Originally Posted By: Accuray
WRT the fan example, here's a suggestion -- you got into an argument about technical details. What would happen if you said "I don't like that fan, there's just something about it I don't like." How is he going to argue with that? You're not telling him *what* you don't like, only that you don't like it. Then, look at the fans yourself, and suggest some alternatives, and let him select from your choices.

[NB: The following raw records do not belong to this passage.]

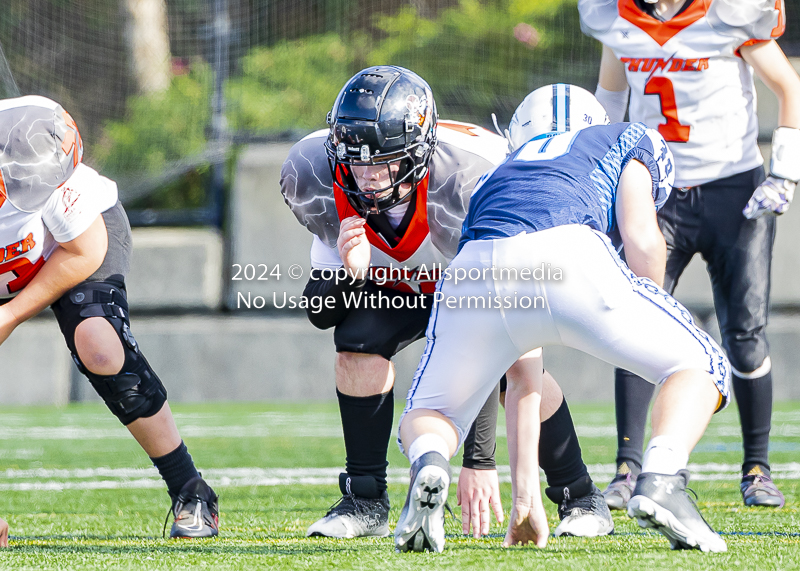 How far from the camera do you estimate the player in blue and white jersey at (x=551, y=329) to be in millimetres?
2184

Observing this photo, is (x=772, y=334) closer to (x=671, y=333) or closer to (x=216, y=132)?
(x=216, y=132)

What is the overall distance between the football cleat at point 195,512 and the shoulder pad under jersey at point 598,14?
1987 millimetres

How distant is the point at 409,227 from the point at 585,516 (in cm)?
85

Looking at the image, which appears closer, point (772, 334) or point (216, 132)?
point (772, 334)

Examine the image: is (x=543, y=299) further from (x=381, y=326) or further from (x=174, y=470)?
(x=174, y=470)

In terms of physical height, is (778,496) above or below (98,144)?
above

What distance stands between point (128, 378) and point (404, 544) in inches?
38.7

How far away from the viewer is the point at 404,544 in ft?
7.26

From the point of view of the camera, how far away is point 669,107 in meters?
3.54

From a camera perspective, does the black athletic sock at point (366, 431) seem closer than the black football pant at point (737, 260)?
Yes

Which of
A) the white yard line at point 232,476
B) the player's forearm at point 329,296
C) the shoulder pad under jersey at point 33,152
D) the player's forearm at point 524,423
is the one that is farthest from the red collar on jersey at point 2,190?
the white yard line at point 232,476

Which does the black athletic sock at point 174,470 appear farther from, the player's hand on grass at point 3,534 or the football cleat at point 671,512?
the football cleat at point 671,512

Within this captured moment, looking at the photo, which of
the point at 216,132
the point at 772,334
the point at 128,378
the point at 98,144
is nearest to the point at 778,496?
the point at 128,378

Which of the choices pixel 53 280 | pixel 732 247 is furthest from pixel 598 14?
pixel 53 280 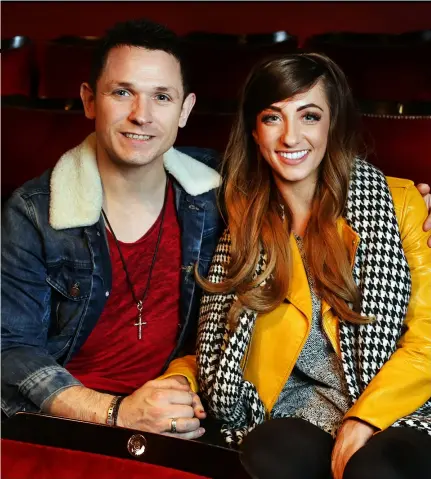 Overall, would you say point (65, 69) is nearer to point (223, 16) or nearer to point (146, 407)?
point (223, 16)

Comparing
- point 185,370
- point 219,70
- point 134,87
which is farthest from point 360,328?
point 219,70

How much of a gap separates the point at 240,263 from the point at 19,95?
97 centimetres

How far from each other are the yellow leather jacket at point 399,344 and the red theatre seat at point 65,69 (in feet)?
2.84

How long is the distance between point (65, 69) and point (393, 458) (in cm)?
140

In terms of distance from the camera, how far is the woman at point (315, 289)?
1.64 metres

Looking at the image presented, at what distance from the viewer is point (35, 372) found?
182cm

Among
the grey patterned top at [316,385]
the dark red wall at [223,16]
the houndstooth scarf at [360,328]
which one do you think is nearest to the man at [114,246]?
the houndstooth scarf at [360,328]

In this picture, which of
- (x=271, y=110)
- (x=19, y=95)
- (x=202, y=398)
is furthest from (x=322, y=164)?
(x=19, y=95)

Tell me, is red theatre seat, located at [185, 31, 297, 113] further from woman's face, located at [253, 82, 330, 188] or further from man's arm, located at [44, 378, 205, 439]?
man's arm, located at [44, 378, 205, 439]

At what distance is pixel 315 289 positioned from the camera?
1.74 metres

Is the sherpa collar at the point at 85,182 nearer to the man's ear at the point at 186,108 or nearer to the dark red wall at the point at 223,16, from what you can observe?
the man's ear at the point at 186,108

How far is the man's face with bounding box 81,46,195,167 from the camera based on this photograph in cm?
186

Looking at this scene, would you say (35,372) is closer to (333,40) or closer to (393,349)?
(393,349)

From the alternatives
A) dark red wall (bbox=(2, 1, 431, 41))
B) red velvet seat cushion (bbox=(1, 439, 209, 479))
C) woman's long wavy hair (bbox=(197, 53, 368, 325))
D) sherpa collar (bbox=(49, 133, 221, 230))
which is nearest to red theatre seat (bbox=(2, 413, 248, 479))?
red velvet seat cushion (bbox=(1, 439, 209, 479)) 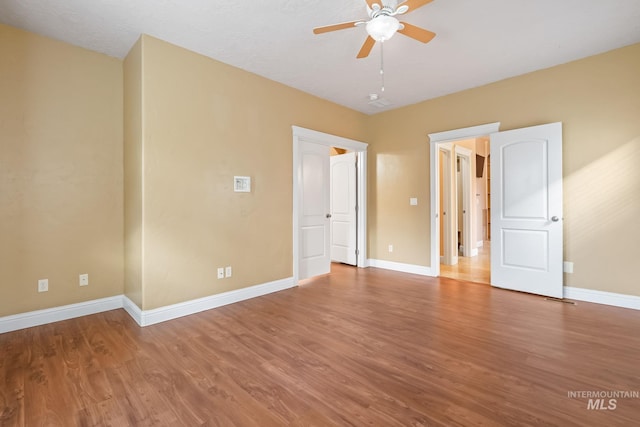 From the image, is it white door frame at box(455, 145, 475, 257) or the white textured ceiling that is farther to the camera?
white door frame at box(455, 145, 475, 257)

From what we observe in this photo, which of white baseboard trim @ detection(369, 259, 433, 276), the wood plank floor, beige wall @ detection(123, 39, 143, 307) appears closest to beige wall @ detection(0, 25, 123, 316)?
beige wall @ detection(123, 39, 143, 307)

If he keeps pushing you about *why* you don't like it, just say "I don't know, why does it matter? You can't convince me that I DO like it, I just don't"
What would happen in a scenario like that, where you didn't give him any details to argue about, and engaged in suggesting alternatives?
I used to do that. That's why I developed the approach of telling why I don't like something, because my opinion held no validity whatsoever. My opinion can be argued against and disqualified. Facts are external to me have and some inherent value.
Quote:
I was interested as well that you referenced a parallel to my sitch. I've been thinking about that for two days -- what do you think the parallel is?
Accuray, I believe your reference is to: "he's got a great attitude, a very positive and empathetic approach to his W's shortcomings. But...." I meant that although you're interacting in a very positive way, doing everything that you can regarding understanding and accommodating your W's shortcomings, I think you're not happy. I know you want more. I'm not sure that you're sure it's enough, long term.